A Conversation on the Upper & Lower Limits of Joy

Photo by Catalin Pop on Unsplash

We spend copious amounts of precious energy worrying. What if it goes sideways? What if it fails? What if it doesn’t work out? What if I get hurt? What if the other shoe drops? What if, what if, what if. Worrying feels like a self-protection mechanism while it’s simultaneously hobbling us from moving forward. We can become so creative in our possible demise scenarios that we become wracked with anxiety that paralyzes us into inaction. Humans have evolved well beyond cave paintings and primitive tools, yet we cannot seem to outgrow our basic responses of fight, flight, freeze and fawn.

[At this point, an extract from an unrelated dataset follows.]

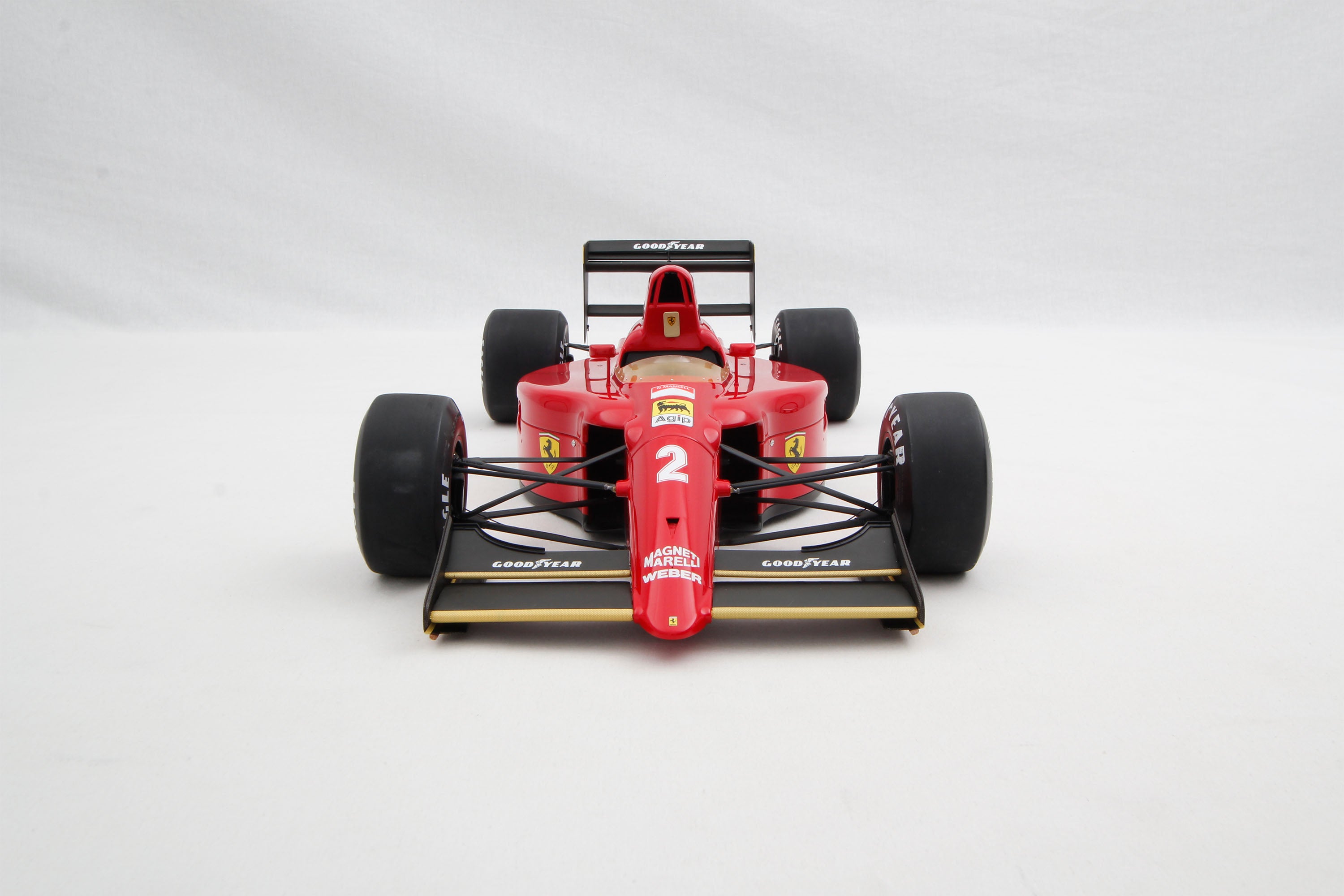 Amalgam 1:8 scale Ferrari 641/2 F1-90 Mansell #2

  • Fight — take action to eliminate the danger

  • Flight — run away in an effort to escape the danger

  • Freeze — immobilize in the face of the threat in hopes it passes

  • Fawn — Abandon your own needs to avoid conflict

We like to pretend that we are eons away from our primal ancestors as we drive around in fancy cars on our way to specialized jobs in which we are overpaid to do relatively menial work unnecessary to our actual survival. We seek the thrill of endorphin rushes we no longer get chasing and being chased by wild animals and neighboring tribes so we mimic it with a constant stream of caffeine, dramatic new stories and creating problems in our lives to simulate the need to survive. The more primitive parts of our brain seem almost disconnected from the reality we exist in and seek to match up current life events with primal responses. It’s as though when we are faced with something out of our comfort zone we forgo our more modern coping tools and mechanisms in favor of pure instinct. Instinct cries out from the dark recesses of the psyche that anything new, different, and better is the devil. Comfort is king for the human mind, and even if that ‘comfort’ is an awful situation it is, after all, what we know.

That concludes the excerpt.